Extrasynaptic concentrations over time (d[DA]/dt) are determined by spike rate (St) and reuptake kinetics (Km & Vmax). Differences in concentration in target regions determine direction of force exertion. We assume that Forward and Backward VTA DA neurons have different target cells that contribute to force generation in a preferred direction. To approximate the resulting force, we compute the difference between predicted DA concentrations resulting from activity in these two DA populations from a previous model we can describe DA concentration dynamics in the striatum as follows:

$$\frac{d[{DA}]}{{dt}}={[{DA}]}_{{release}}*{{FR}}_{t}-\,\frac{{\left[{DA}\right]}_{t}*{V}_{\max }}{{K}_{m}+{[{DA}]}_{t}}$$
(1)

where [DA] is the average DA concentration at time t in the target striatal area (in µM), [DA]release is the instantaneous increase in DA concentration (in µM) proportional to the DA population’s firing rate FR (in Hz), Vmax is the maximal reuptake rate of DA in the striatum, and Km is the Michaelis–Menten parameter that is the reciprocal of the affinity of the DA transporter. Value constraints for all parameters were determined using prior experimental and modeling work19,20,60. We neglect the contribution of diffusion, degradation, and glial uptake on DA concentrations, and only consider reuptake in our model. No tuning was done to fit the data and no filters were applied. All curves were set at the same average starting baseline and the model curves are scaled so that they have the same maximum as the experimental data.

Quantification and statistical analyses

All analyses were performed with Matlab, NeuroExplorer, and Graphpad Prism.
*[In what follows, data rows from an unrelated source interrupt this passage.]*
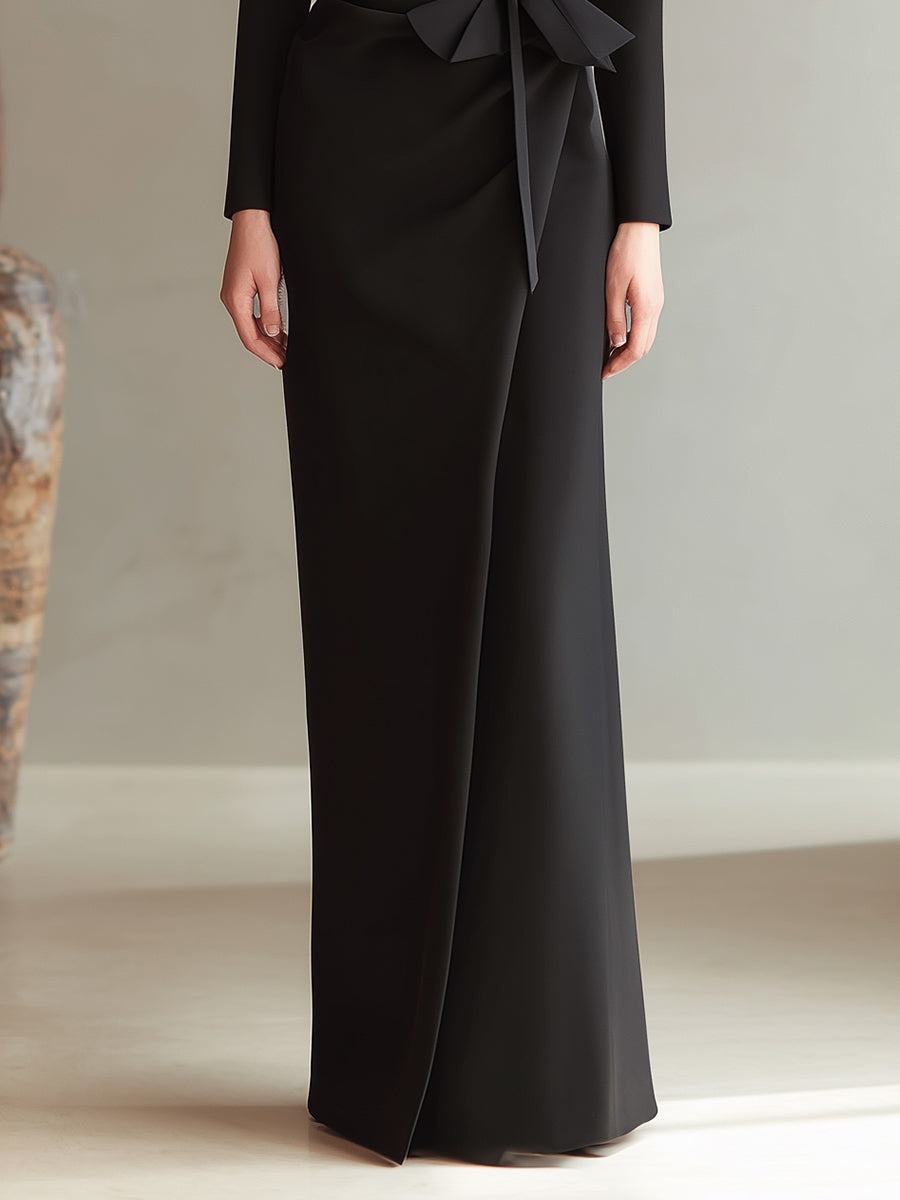 Black Square-Neck Long Sleeve Wrap-Style Maxi Dress With Waist Tie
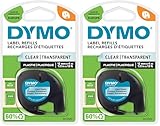 DYMO LetraTag Étiquettes en Plastique Authentique | 12 mm x 4 m | Noir sur Transparent | Étiquettes autocollantes pour étiqueteuse DYMO LetraTag (Lot de 2)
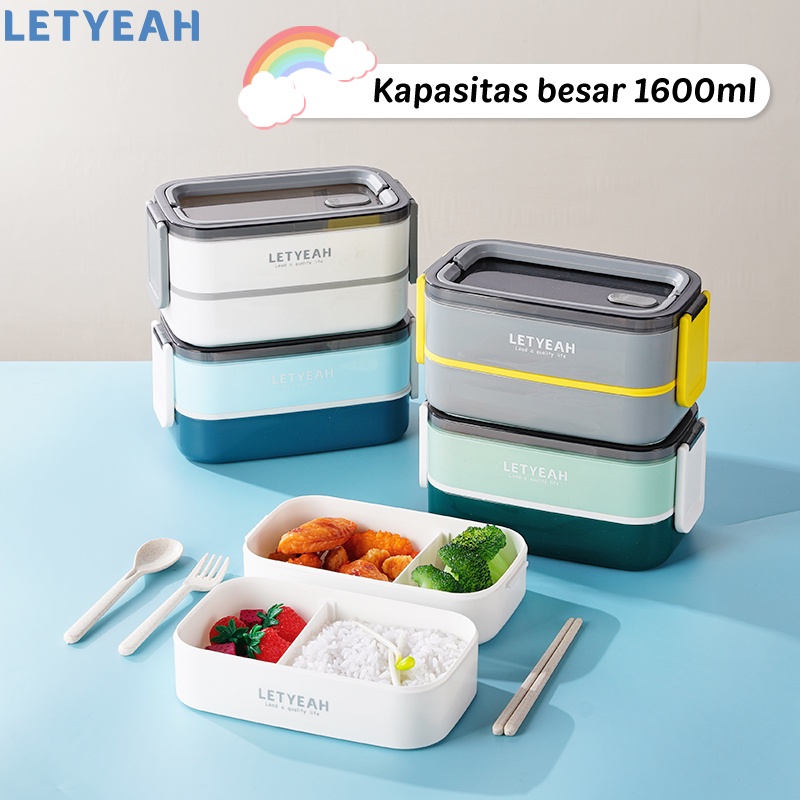 letyeah Kotak makan anti tumpah/tas bekal makanan/cangkir sup tahan panas/lunch box anak set/BPA free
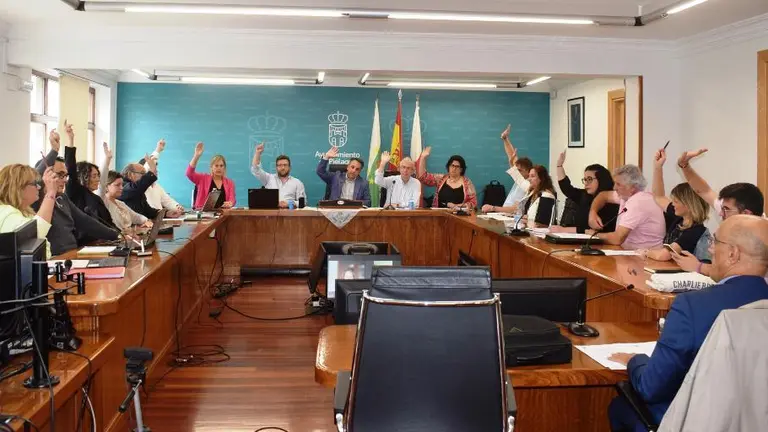 Los concejales en el Pleno de Piélagos.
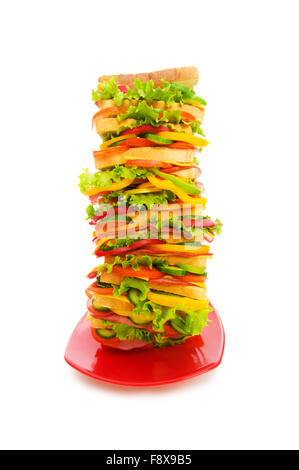 Riesige Sandwich auf dem weißen Hintergrund isoliert Stockfoto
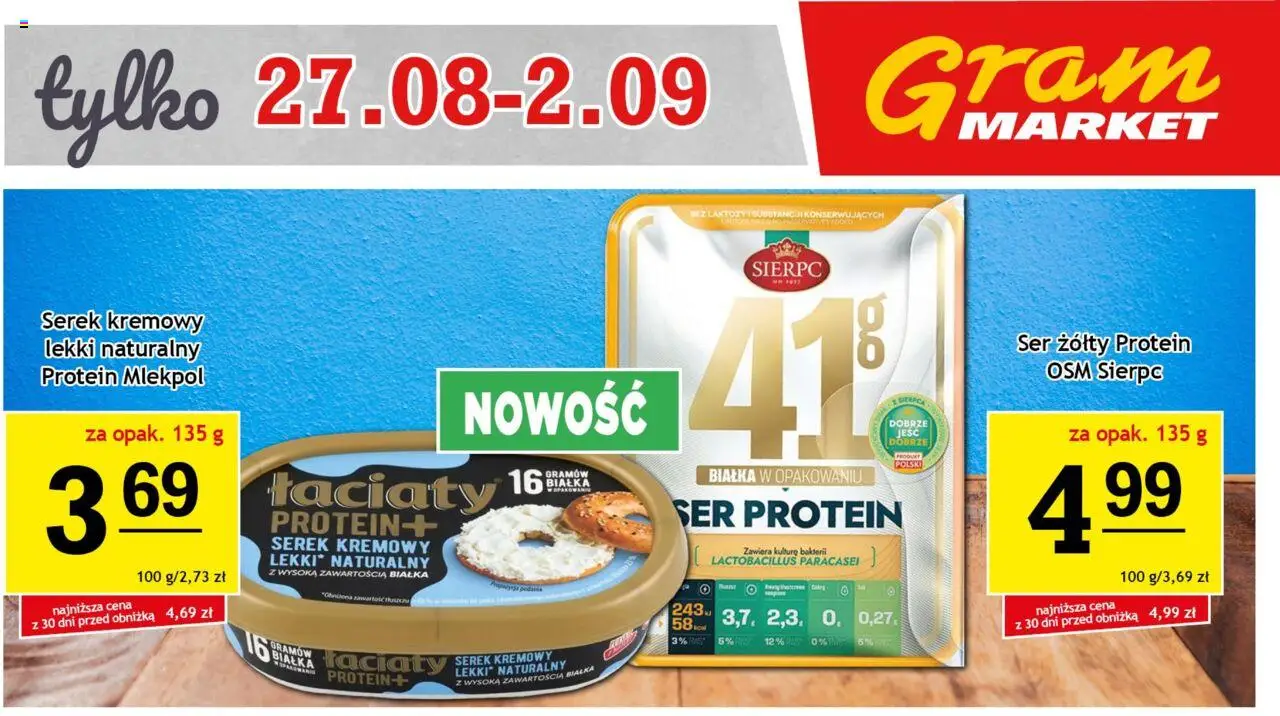 Gram Market Gazetka - Niesłychanie Niskie Ceny od 27.08.2025 | Strona: 2 | Produkty: Ser żółty, Bez laktozy, Serek, Ser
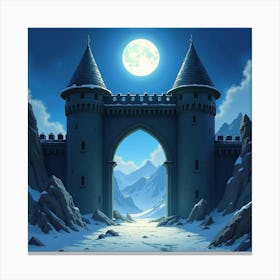 Watercolor Scene Of The Gates Of Moria Illuminated By Moonlight Canvas Print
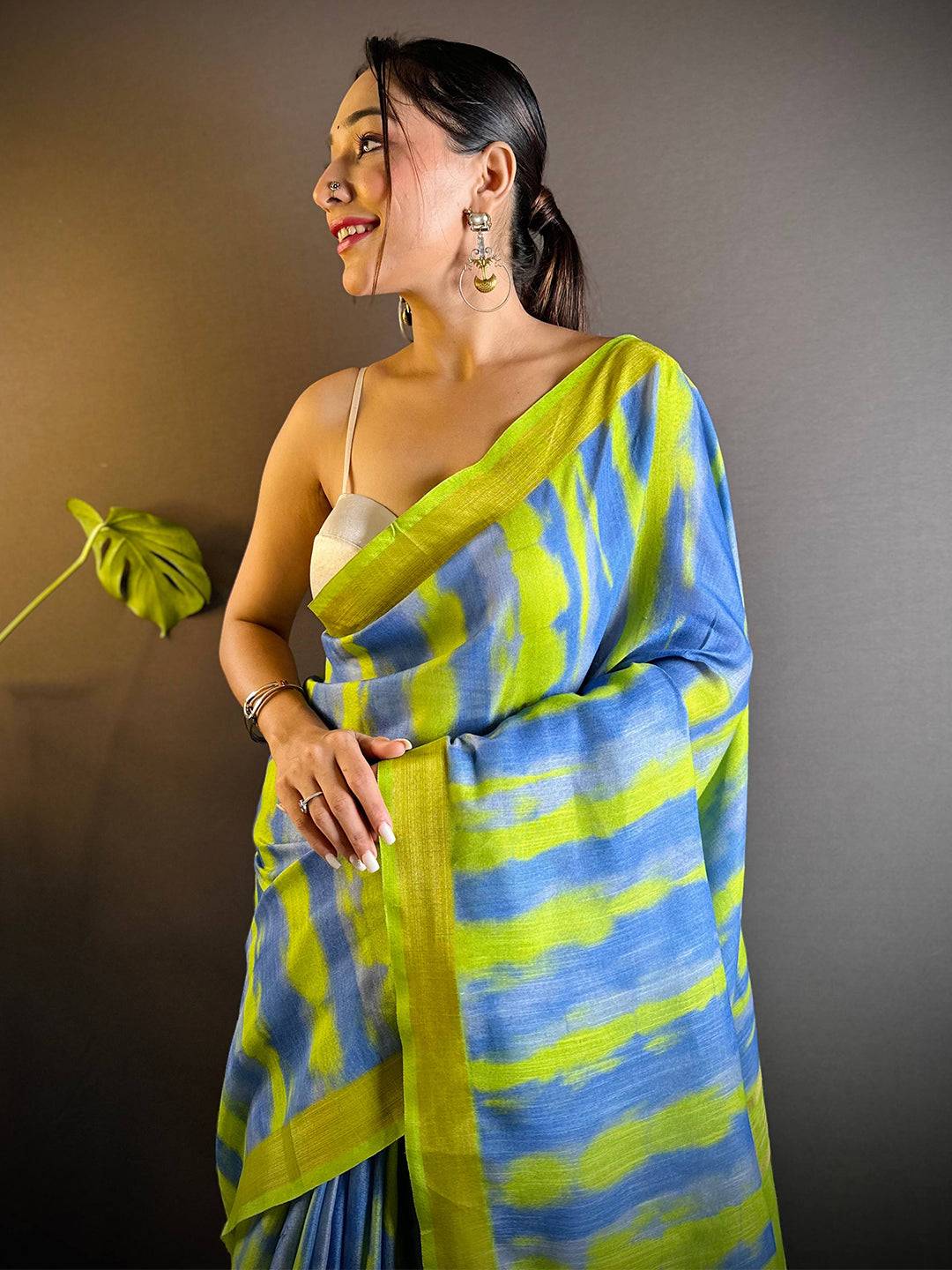 Multi Shibori Print Linen Saree by My Store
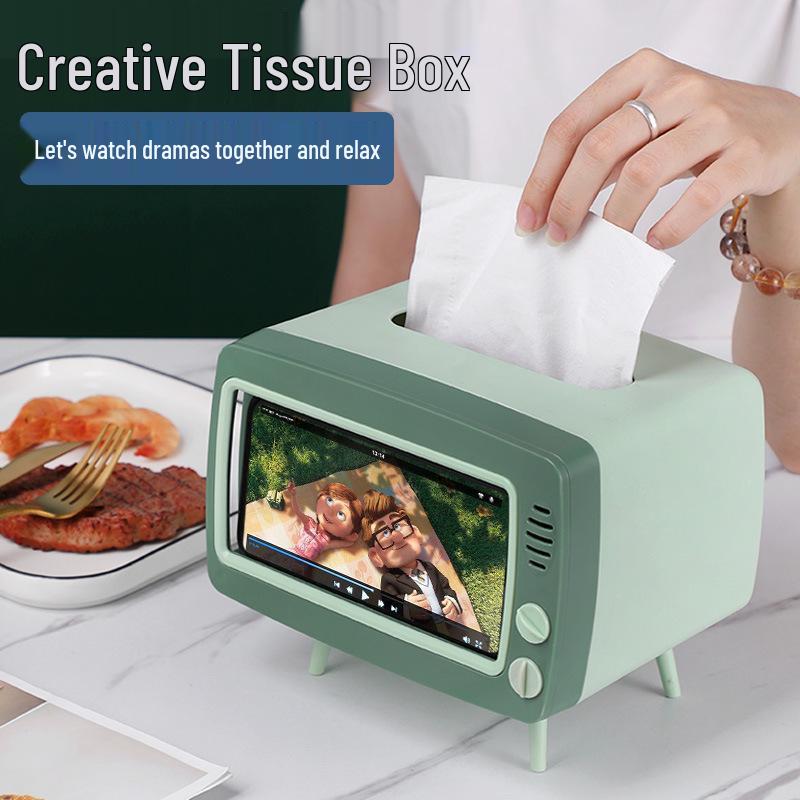 Retro TV Tissue Box and Mobile Phone Holder - Multi-functional for Home, Living Room, Coffee Table, and Restaurant Use.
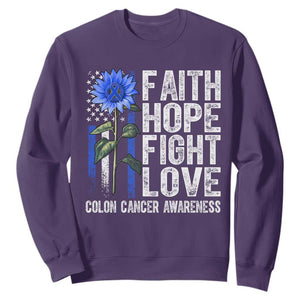 Colon Cancer Awareness Sweatshirt Faith Hope Fight Love Sunflower USA Flag TS11 Purple Print Your Wear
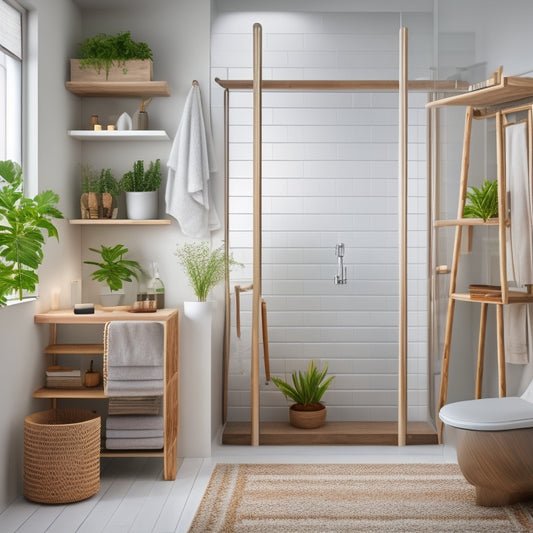 A minimalist bathroom with a freestanding tub, glass-enclosed shower, and sleek flooring, featuring a ladder shelf with three wooden rungs and two glass shelves holding decorative towels and plants.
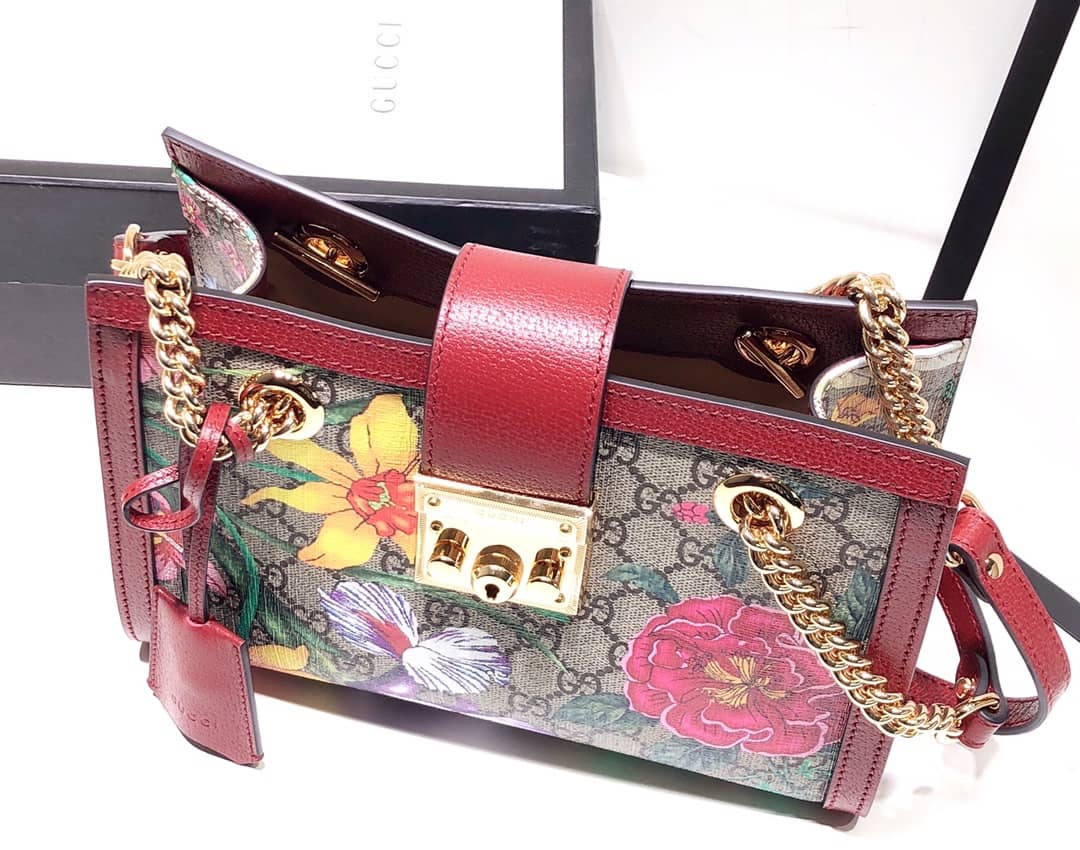 Gvc*1 Padlock Small GG Svp*me Canvas Shoulder Bag Replica Red 498156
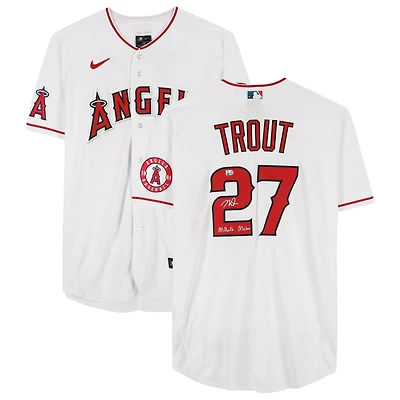Maillot Nike authentique autographié par Mike Trout White des Los Angeles Angels avec inscription « Millville Meteor »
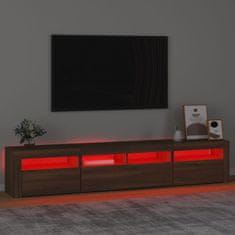 Vidaxl TV skříňka s LED osvětlením hnědý dub 210 x 35 x 40 cm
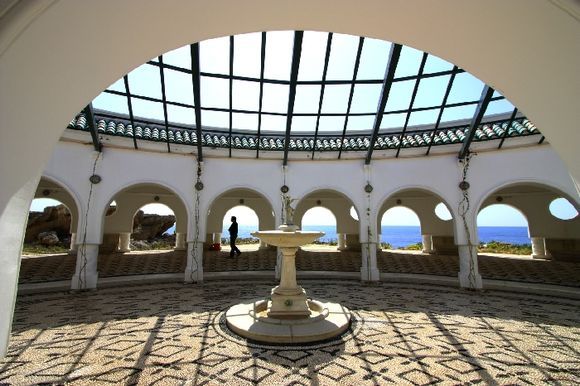 Kallithea spas with arches and silhouette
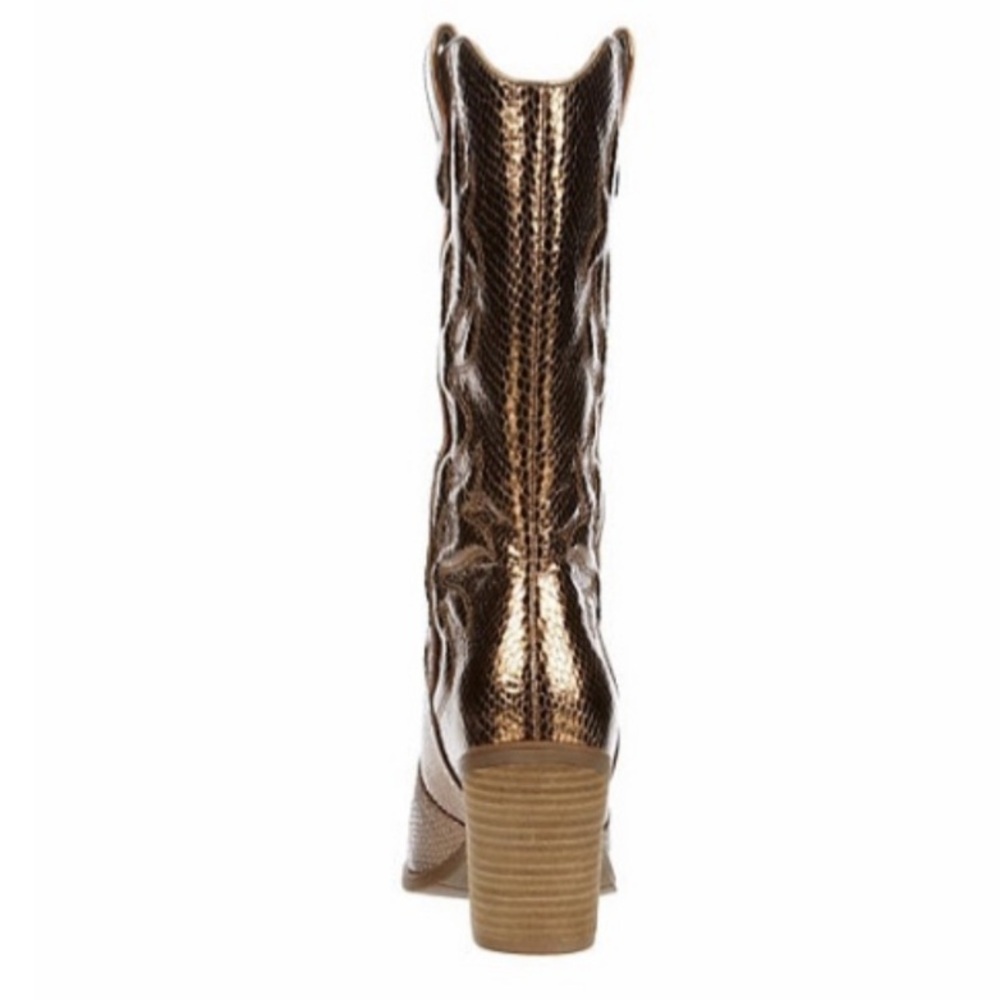 Michael by Michael Shannon Faith Western Cowboy Cowgirl Boots Womens 10 Metallic - Picture 4 of 6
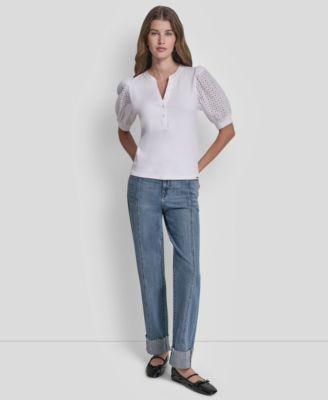 dkny jeans womens puff sleeve henley top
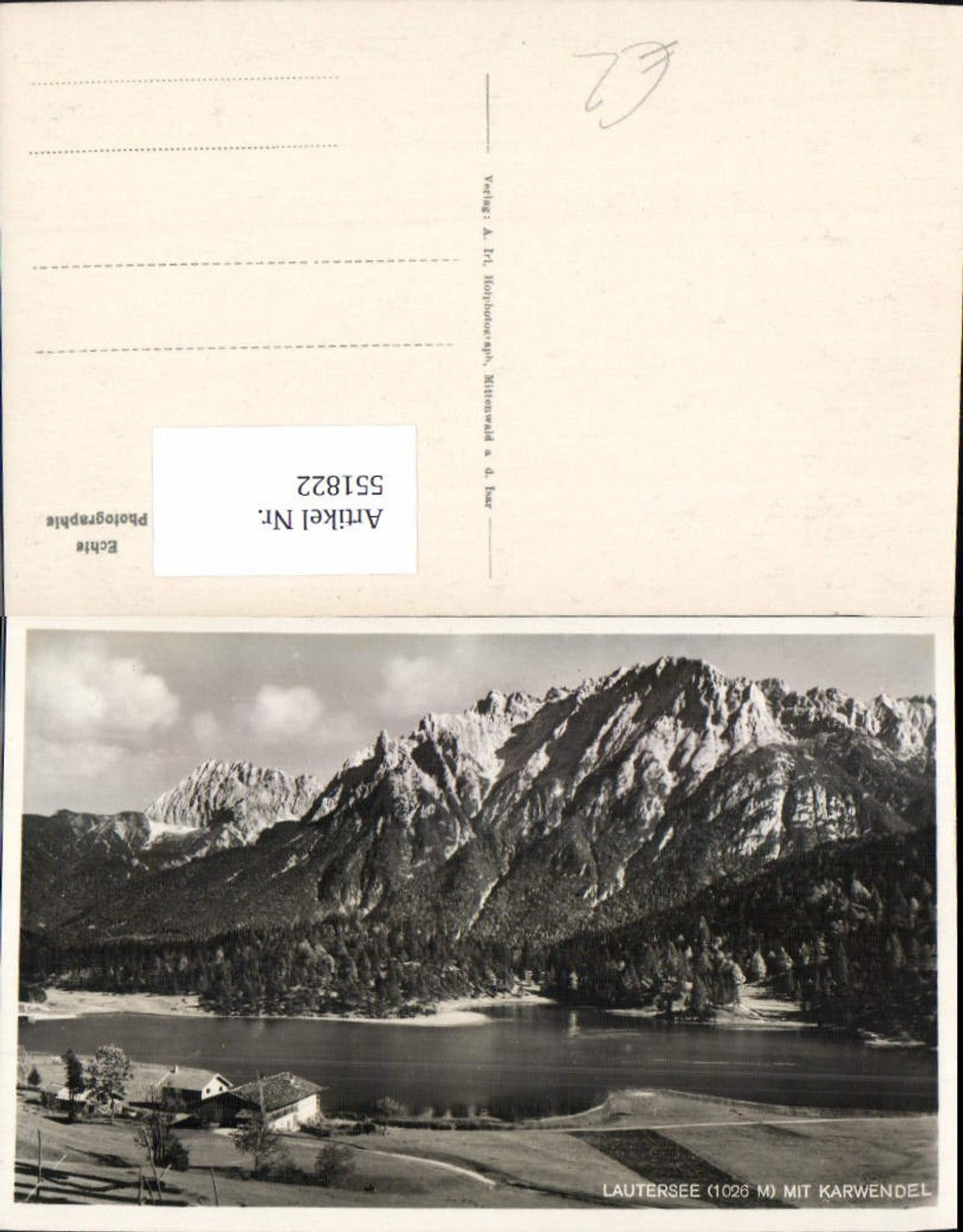 551822,Mittenwald in Oberbayern Lautersee Karwendel pub A. Jrl Hofphotograph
Statistical analyses were performed in Graphpad Prism. Post-hoc tests for multiple comparisons were reported for all significant one-way ANOVAs and all two-way ANOVA analyses with significant interactions between categories. A power analysis was not conducted a priori to determine sample size.

Reporting summary

Further information on research design is available in the Nature Portfolio Reporting Summary linked to this article.